Source records
☆ ☆ ☆ ☆ ☆ ☆ ☆

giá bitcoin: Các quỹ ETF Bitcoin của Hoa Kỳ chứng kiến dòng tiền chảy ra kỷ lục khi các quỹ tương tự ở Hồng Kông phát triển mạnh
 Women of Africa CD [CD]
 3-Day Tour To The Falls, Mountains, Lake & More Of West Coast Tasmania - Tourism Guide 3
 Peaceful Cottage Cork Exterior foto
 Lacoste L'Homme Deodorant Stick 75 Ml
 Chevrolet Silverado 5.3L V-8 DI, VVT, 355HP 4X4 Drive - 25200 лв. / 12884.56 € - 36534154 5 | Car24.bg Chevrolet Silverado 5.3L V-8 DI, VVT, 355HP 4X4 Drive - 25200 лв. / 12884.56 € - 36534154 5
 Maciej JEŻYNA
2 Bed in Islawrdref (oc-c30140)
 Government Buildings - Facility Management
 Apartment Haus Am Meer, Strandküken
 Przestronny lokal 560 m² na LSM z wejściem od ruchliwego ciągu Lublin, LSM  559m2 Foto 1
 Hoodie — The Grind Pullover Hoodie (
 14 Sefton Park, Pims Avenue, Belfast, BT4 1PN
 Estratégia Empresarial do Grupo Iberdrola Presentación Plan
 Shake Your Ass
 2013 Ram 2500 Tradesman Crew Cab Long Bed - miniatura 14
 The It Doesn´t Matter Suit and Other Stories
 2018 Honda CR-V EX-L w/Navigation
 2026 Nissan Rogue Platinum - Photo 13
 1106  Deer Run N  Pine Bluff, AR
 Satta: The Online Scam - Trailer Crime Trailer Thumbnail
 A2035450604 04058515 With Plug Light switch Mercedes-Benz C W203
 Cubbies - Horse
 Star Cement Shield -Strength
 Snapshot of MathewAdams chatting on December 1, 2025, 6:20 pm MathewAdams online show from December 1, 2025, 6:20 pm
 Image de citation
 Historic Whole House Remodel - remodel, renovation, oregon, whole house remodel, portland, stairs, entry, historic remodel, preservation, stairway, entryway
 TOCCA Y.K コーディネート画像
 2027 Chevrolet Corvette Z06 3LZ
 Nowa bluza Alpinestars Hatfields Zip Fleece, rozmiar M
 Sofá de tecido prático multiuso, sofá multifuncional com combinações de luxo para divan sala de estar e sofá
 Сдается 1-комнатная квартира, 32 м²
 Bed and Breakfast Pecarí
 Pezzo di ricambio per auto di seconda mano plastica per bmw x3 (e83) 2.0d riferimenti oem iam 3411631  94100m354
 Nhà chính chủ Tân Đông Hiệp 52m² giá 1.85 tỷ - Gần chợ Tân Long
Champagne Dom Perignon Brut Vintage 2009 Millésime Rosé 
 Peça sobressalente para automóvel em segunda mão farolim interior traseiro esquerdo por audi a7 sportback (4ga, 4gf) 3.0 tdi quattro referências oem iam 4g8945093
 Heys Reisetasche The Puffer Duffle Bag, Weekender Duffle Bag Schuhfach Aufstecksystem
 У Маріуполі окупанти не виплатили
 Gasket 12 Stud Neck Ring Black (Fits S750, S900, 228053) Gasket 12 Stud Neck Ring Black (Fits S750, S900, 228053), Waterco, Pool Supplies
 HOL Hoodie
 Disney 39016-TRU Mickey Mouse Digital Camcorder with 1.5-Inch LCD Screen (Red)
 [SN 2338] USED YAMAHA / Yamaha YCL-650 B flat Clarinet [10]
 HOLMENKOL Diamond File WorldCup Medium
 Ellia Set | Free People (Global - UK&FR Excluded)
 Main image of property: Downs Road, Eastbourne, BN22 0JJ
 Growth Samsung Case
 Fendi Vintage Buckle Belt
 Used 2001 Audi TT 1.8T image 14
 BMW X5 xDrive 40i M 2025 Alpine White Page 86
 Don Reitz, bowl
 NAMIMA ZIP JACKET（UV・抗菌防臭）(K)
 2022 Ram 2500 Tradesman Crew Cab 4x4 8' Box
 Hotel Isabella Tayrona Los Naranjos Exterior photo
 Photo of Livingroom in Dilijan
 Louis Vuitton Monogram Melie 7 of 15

☆ ☆ ☆ ☆ ☆ ☆ ☆

| TASK TO CARRY OUT |
Please give a word-for-word repetition of the lines from the one containing "Sofá de tecido" through the last line of the data above, including both, and nothing besides.

| RESPONSE AREA |
 Sofá de tecido prático multiuso, sofá multifuncional com combinações de luxo para divan sala de estar e sofá
 Сдается 1-комнатная квартира, 32 м²
 Bed and Breakfast Pecarí
 Pezzo di ricambio per auto di seconda mano plastica per bmw x3 (e83) 2.0d riferimenti oem iam 3411631  94100m354
 Nhà chính chủ Tân Đông Hiệp 52m² giá 1.85 tỷ - Gần chợ Tân Long
Champagne Dom Perignon Brut Vintage 2009 Millésime Rosé 
 Peça sobressalente para automóvel em segunda mão farolim interior traseiro esquerdo por audi a7 sportback (4ga, 4gf) 3.0 tdi quattro referências oem iam 4g8945093
 Heys Reisetasche The Puffer Duffle Bag, Weekender Duffle Bag Schuhfach Aufstecksystem
 У Маріуполі окупанти не виплатили
 Gasket 12 Stud Neck Ring Black (Fits S750, S900, 228053) Gasket 12 Stud Neck Ring Black (Fits S750, S900, 228053), Waterco, Pool Supplies
 HOL Hoodie
 Disney 39016-TRU Mickey Mouse Digital Camcorder with 1.5-Inch LCD Screen (Red)
 [SN 2338] USED YAMAHA / Yamaha YCL-650 B flat Clarinet [10]
 HOLMENKOL Diamond File WorldCup Medium
 Ellia Set | Free People (Global - UK&FR Excluded)
 Main image of property: Downs Road, Eastbourne, BN22 0JJ
 Growth Samsung Case
 Fendi Vintage Buckle Belt
 Used 2001 Audi TT 1.8T image 14
 BMW X5 xDrive 40i M 2025 Alpine White Page 86
 Don Reitz, bowl
 NAMIMA ZIP JACKET（UV・抗菌防臭）(K)
 2022 Ram 2500 Tradesman Crew Cab 4x4 8' Box
 Hotel Isabella Tayrona Los Naranjos Exterior photo
 Photo of Livingroom in Dilijan
 Louis Vuitton Monogram Melie 7 of 15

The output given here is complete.